DOIS COPOS
Vai fazer um ano que não coloco uma gota sequer de álcool na boca. Não por minha vontade própria, mas por recomendações médicas. E não que eu nutrisse algum vício nisso, longe de mim, mas apreciava, vez ou outra, numa ocasião especial, ou fazendo a faxina do apartamento, ou pensando na vida ao som de um boa música, permitia a mim mesma sentir a dormência e a confusão dos pensamentos que o quarto copo me causava.
Sabia até uns versinhos decorados de sonetos simpáticos que afloravam depois do quarto copo. E embora esse líquido cor de ouro me tranquilizasse, também fazia engordar, mesmo sendo eu uma adepta da escolha: ou digere ou engole.
O fato de não fugir da inevitável fermentação e o conseqüente inchaço, que se parece com gorduras localizadas para quem não larga o líquido amarelo, era esse o meu real motivo de moderar e fazer dele esporádico: só em situações especiais.
Hoje estava escutando um grupo de pé de serra pelas caixinhas do computador. Lembrei de um domingo que estávamos no Francês. A festa tinha começado no sábado a tarde, com violão, batuque e risadas. Chegara o domingo e restava um garrafão de vinho tinto daqueles baratos. A gente almoçou e foi para a areia. Lá, fizemos um círculo e começamos a cantar e tocar. No alto, o sol sobre nossas cabeças testemunhava. Quando chegou um violeiro e pediu para tocar forró. A gente avisou que ninguém tinha dinheiro, a maioria desempregado e quando muito, estagiários. Mesmo assim ele tocou. Como bons meninos de 19, 20 anos, cantamos junto, sugerimos música e no final demos um copo de vinho e R$ 5,00 de pagamento ao cantador.
Hoje eu teria vergonha de fazer isso, mas à época, acho que o cantador até gostou. A gente pagou com vinho. Aí lembrei do gosto do vinho, da cerveja, o gostinho de se sentir adulto, se é que pra ser adulto tem que beber. Mas me sentia assim. Estava longe de casa, noutro município, com meu namorado do meu ladinho cantando junto, minha irmã e uma amiga de longas datas engrossando o coro, colegas da faculdade que tínhamos acabado de conhecer, um violeiro tocando Luiz Gonzaga que eu sabia todas as músicas de cor, e depois, um copo de vinho que sobrara da festa de ontem.

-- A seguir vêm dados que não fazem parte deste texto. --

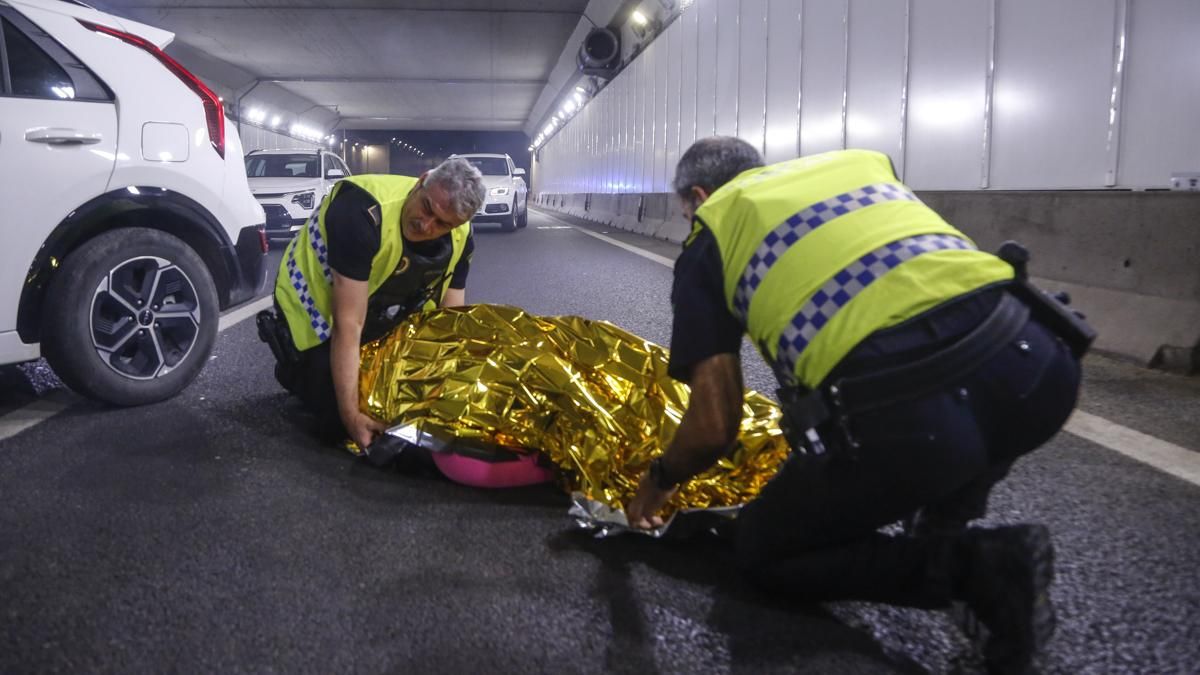 Simulacro de accidente en el túnel de los omeyas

Minha endócrino me proibiu, por ora, de tomar qualquer tipo de álcool, mesmo que fosse reveión ou carnaval. Até uma segunda ordem, nada.
Daqui a alguns meses farei um ano. Sem traumas, tranqüilo. Na verdade eu me lembro pouco, substituí pela Coca-Cola.
Na quarta passada, dia sete, foi meu aniversário, e da terça para a quarta sonhei tomando dois copos de cerveja. Talvez porque aniversário lembre felicidade, comemoração, não sei, só sei que acordei com gosto de cevada na boca e uma certeza que apesar de toda boa lembrança, estou muito bem assim, só no refrigerante.